Record excerpts:
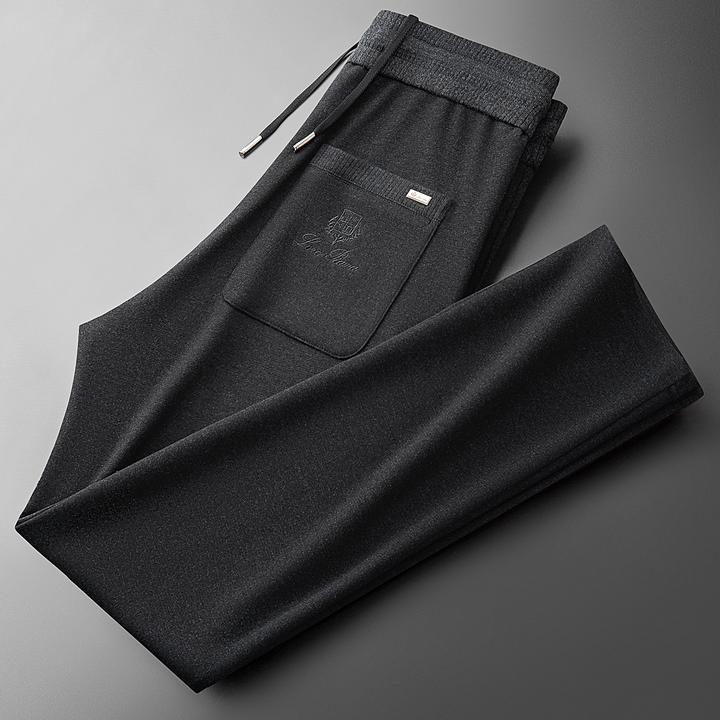 秋冬意式老钱风时尚保暖男士运动直筒卫裤桑蚕丝羊毛呢裤子休闲裤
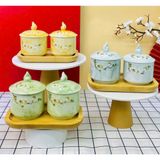  Hũ mứt sứ vân đá vẽ đào trắng 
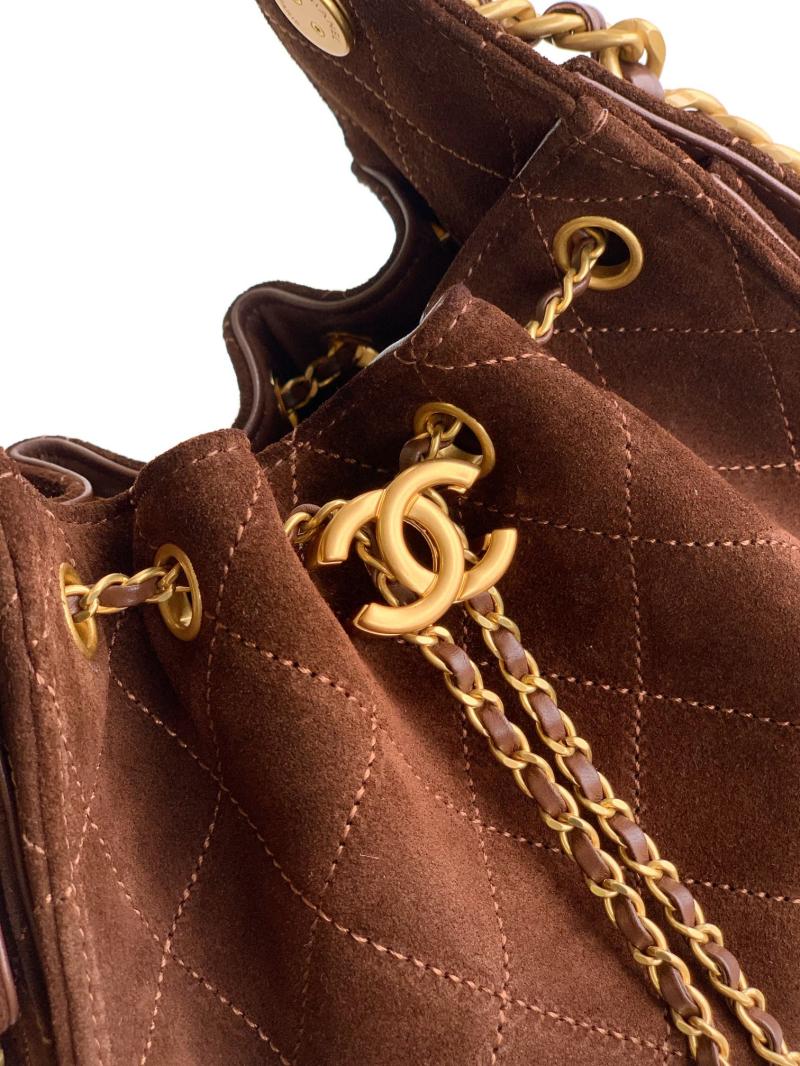 Chanel Suede 25 Mini Handbag Brown AS5292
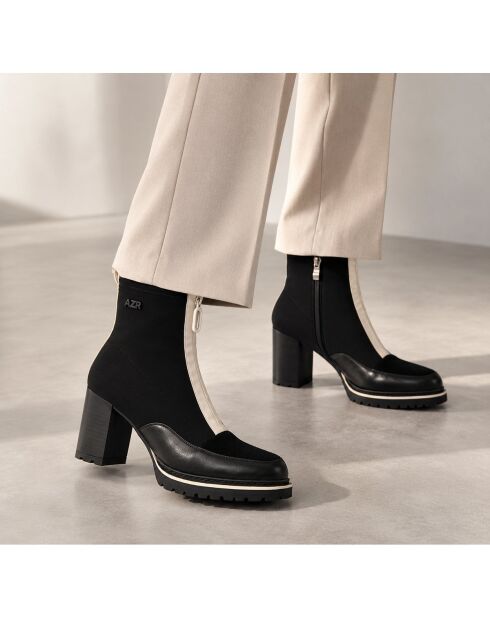 Bottines en cuir Monza noires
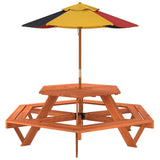 Picnic Table for 6 Kids with Umbrella Hexagon Solid Wood Fir 3281627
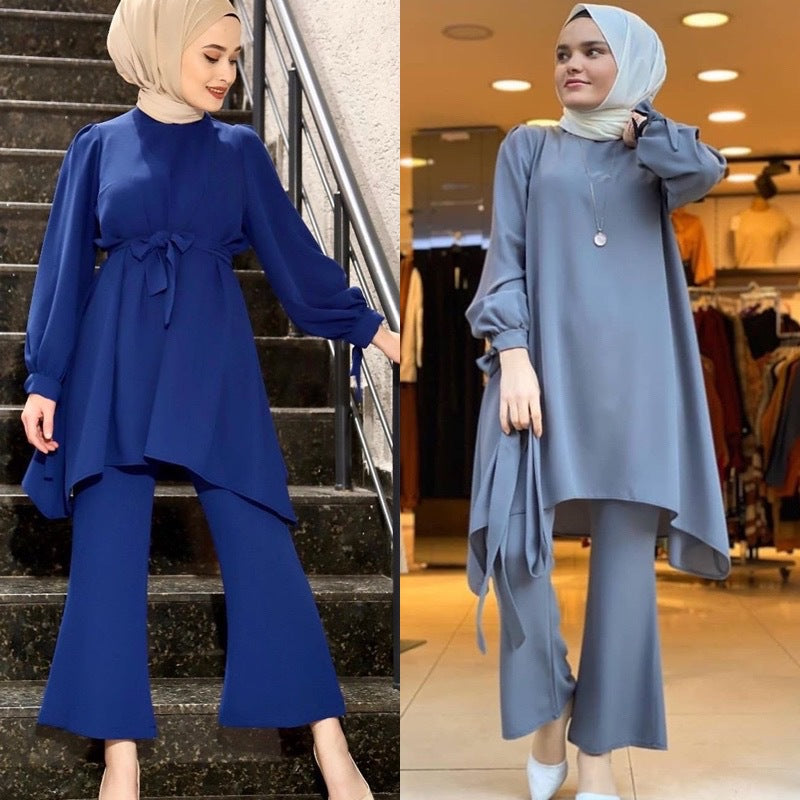 2pcs Muslim Women Abaya Casual Tops Blouse Wide Leg Pants Set Dubai Islam  Outfit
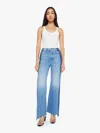 Mother The Tux Sidestepper Sneak Fray Double Stacked Jeans In Blue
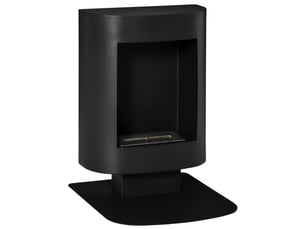 Cheminée noire au bioéthanol sur pied, réservoir 0,9 l, 20 m², 46,5 x 53 x 65 cm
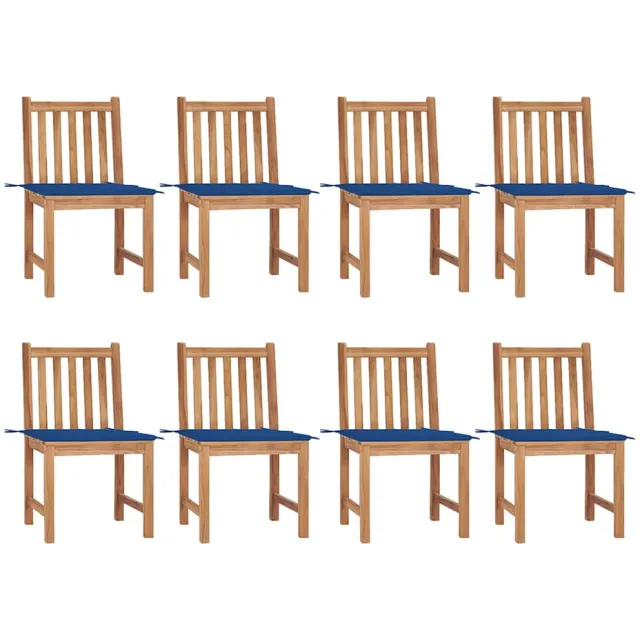 vidaXL Tuinstoelen 8 st met kussens massief teakhout Blauw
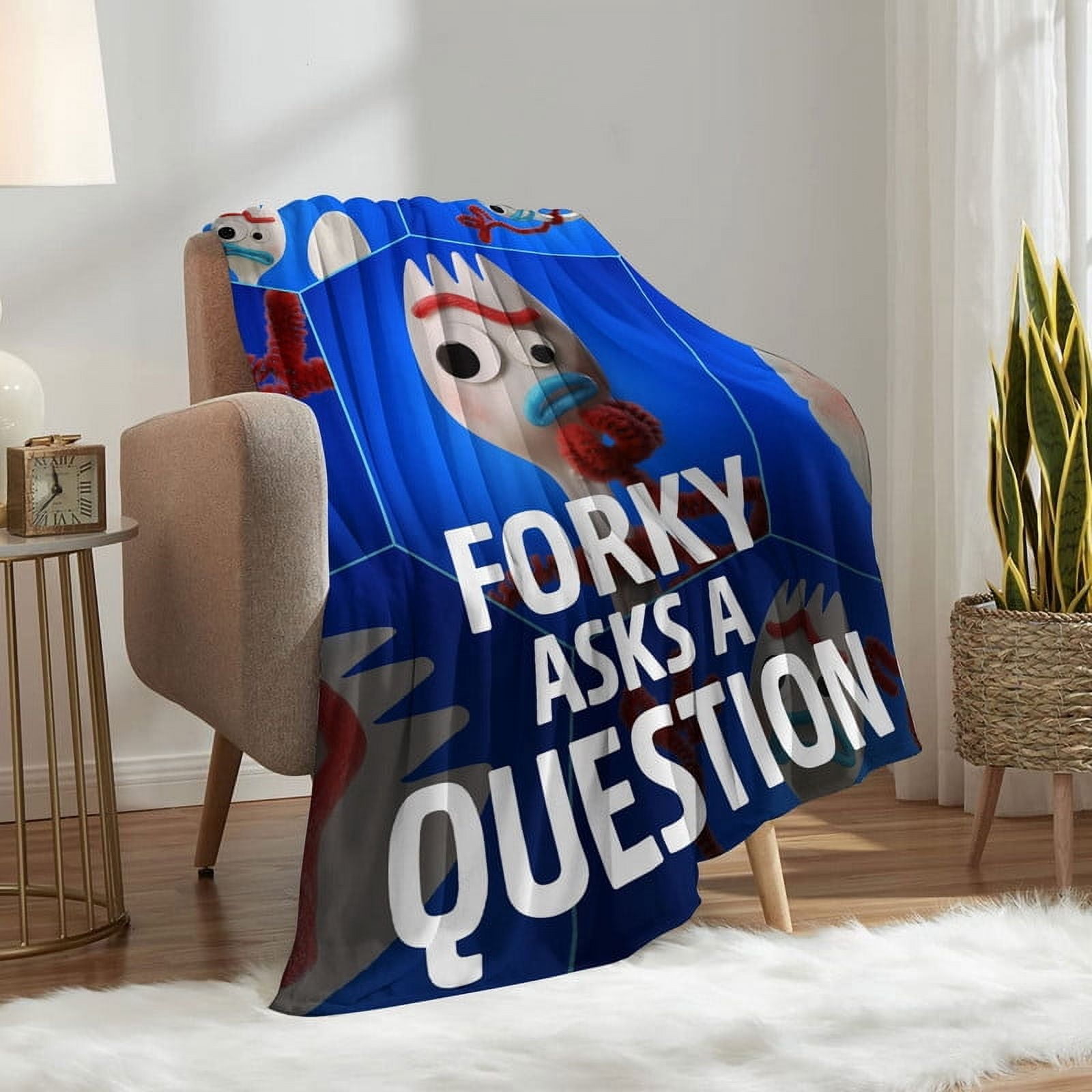 Forky Asks a Question Throw Blanket Gifts for Fans Lover Girls Boys Women Present Hoodie Him Bed 30"x40"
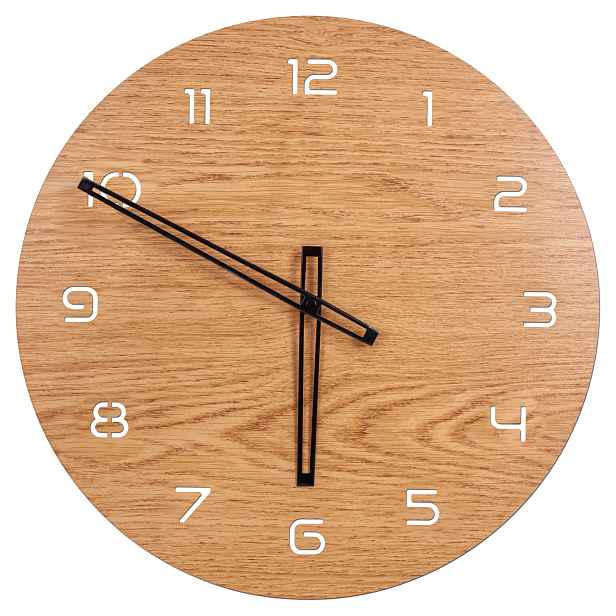 Nástěnné hodiny Dubový 39 Cm Ultratenký Moderní Dub Překližka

Instructions for the task: Could you repeat exactly the lines from the one containing "Forky Asks a" through the last line of the records, both included, without the pictures?

Result for this exercise:
 Forky Asks a Question Throw Blanket Gifts for Fans Lover Girls Boys Women Present Hoodie Him Bed 30"x40"
 Nástěnné hodiny Dubový 39 Cm Ultratenký Moderní Dub Překližka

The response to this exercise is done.